Uma das soluções que vem sendo estudada é a integração de energias renováveis, como solar e eólica, no processo de dessalinização. Israel já utiliza energia solar para alimentar parte de suas plantas de dessalinização, e o governo saudita também está investindo em soluções sustentáveis. No entanto, mesmo com essas alternativas, o custo energético ainda é uma barreira significativa.

E os impactos ambientais?

Outro fator que freia a expansão da dessalinização é o impacto ambiental. O processo gera uma quantidade enorme de salmoura – a água residual altamente concentrada em sal – que, se não for tratada adequadamente, pode causar danos aos ecossistemas marinhos. Em algumas regiões, como o Golfo Pérsico, onde já há grandes operações de dessalinização, a salinidade do oceano aumentou consideravelmente, afetando a biodiversidade.

Além disso, o processo também emite dióxido de carbono, agravando a pegada de carbono das nações que dependem dessa tecnologia. A indústria está estudando maneiras de minimizar esses efeitos, como usar a salmoura para a criação de sais industriais ou até para a agricultura, mas a questão ambiental ainda gera controvérsias.

A escassez de água é real?

Embora muitos países sofram com a escassez de água, o problema não está apenas na falta de fontes de água doce. Em muitos lugares, o problema real está na má gestão e distribuição da água disponível. Um exemplo alarmante é o Brasil, que possui cerca de 12% de toda a água doce do mundo, mas enfrenta crises hídricas em cidades como São Paulo, devido à má gestão e ao desperdício.

Investir em dessalinização para resolver esse tipo de problema sem antes corrigir as ineficiências no uso da água pode ser visto como uma solução temporária. A distribuição equitativa da água, investimentos em infraestrutura e a preservação de bacias hidrográficas são cruciais para qualquer solução sustentável a longo prazo.

O paradoxo da abundância: O que realmente falta?

Se a tecnologia está ficando mais barata e a escassez de água é uma ameaça global crescente, por que não estamos criando verdadeiros paraísos aquáticos em todo o mundo? A resposta pode não estar apenas nos fatores econômicos e ambientais, mas também em uma falta de visão e prioridade por parte dos governos e das indústrias.

Transformar países inteiros em oásis, com lagos artificiais e irrigação massiva, exigiria uma revolução não só tecnológica, mas também política. Precisaríamos de uma coordenação global de esforços, investimentos maciços e uma vontade política de fazer acontecer. Muitos países ainda estão presos a políticas conservadoras de gestão da água e, paradoxalmente, alguns sequer investem o suficiente em tecnologias que poderiam garantir o futuro hídrico de suas populações.

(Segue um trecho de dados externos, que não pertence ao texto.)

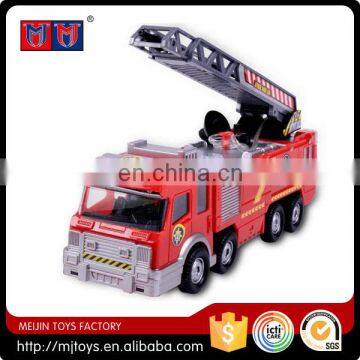 Frictional Fire Truck toys with lignt and music for wholesale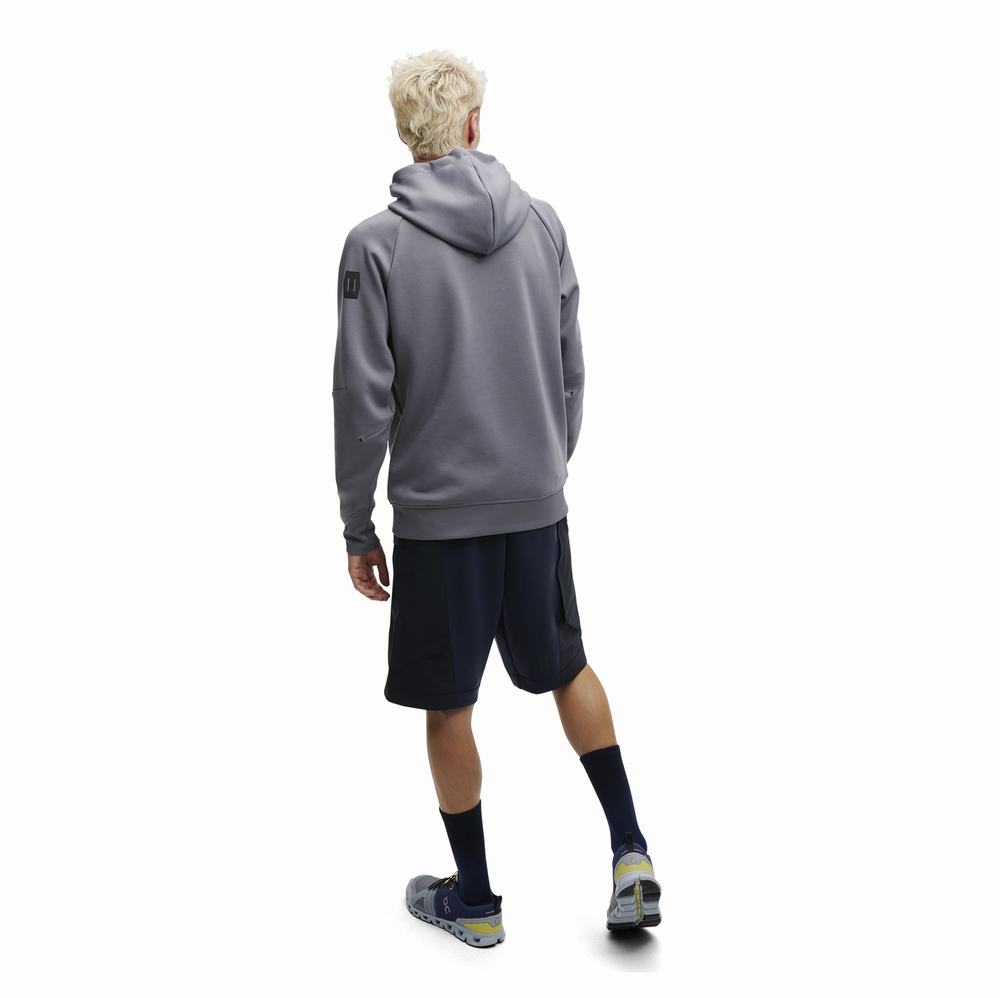 On Running Hoodie 2 Miesten Huppari Harmaat | Suomi-89421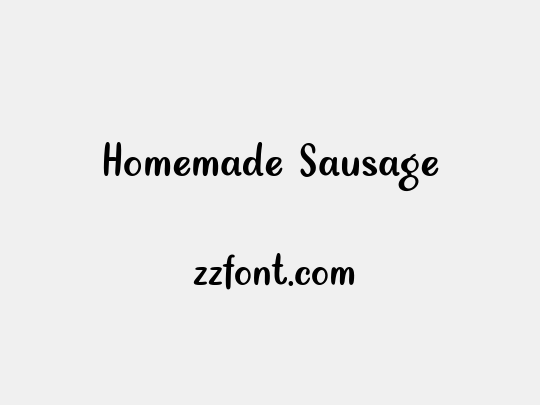 Homemade Sausage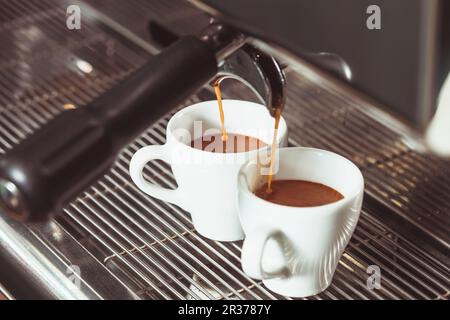 Zwei Tassen Kaffee Stockfoto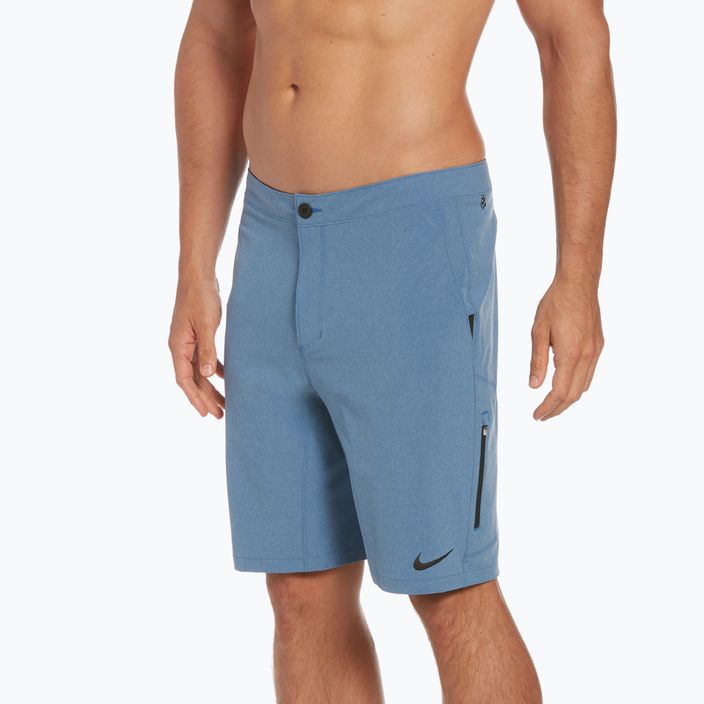 Мъжки къси панталони за плуване Nike Flow 9 Hybrid, сини NESSC515 6
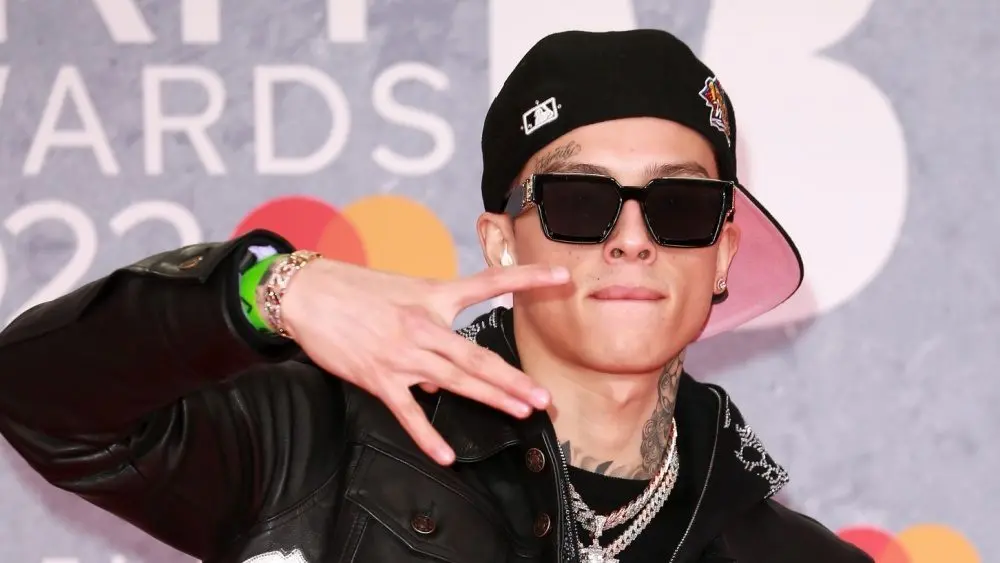 shutterstock_2229906205-1400857 Central Cee attends The BRIT Awards 2022 at The O2 Arena on February 08^ 2022 in London^ England.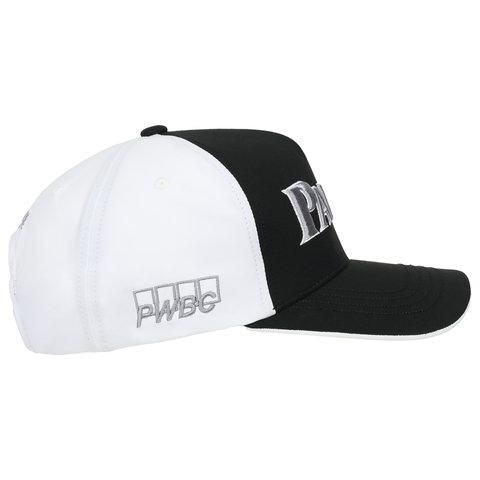 Palace GOLF P-FRAME 5-PANEL SNAPBACK BLACK WHITE - Colorway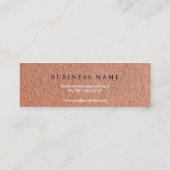 Berufliches Minimalistisches Brown Kraft Sand Pape Mini Visitenkarte (Rückseite)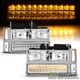 8PC 1994-1999 Chevy C/K 1500 Tahoe Suburban Headlights +LED Bumper+Signal Light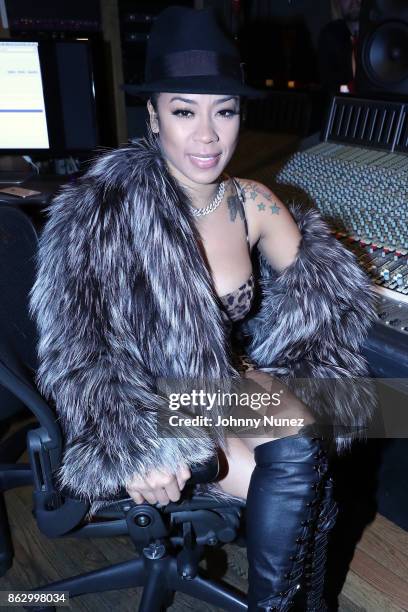 Keyshia Cole Attends Her "11:11 Reset" Album Listening Party at Premiere Recording Studio on October 18, 2017 in New York City.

Um futuro de oásis aquáticos: utopia ou realidade?

A ideia de transformar o mundo em um paraíso aquático, com água doce em abundância, não é impossível, mas está longe de ser simples. A tecnologia está aí, mais barata e acessível do que nunca. No entanto, os desafios vão além da tecnologia. São questões políticas, ambientais e de gestão que precisam ser resolvidas.

Enquanto isso, países como Israel e Arábia Saudita continuam a demonstrar que a dessalinização pode ser parte da solução, mas ainda é uma peça em um quebra-cabeça muito maior. Um futuro onde lagos artificiais, piscinas e plantações verdes abundem depende da nossa capacidade de resolver esses problemas de forma coordenada e inovadora.

Quem sabe, daqui a algumas décadas, possamos ver o surgimento dos verdadeiros oásis globais. Até lá, a água continua sendo o recurso mais precioso do planeta – e, paradoxalmente, um dos mais mal geridos.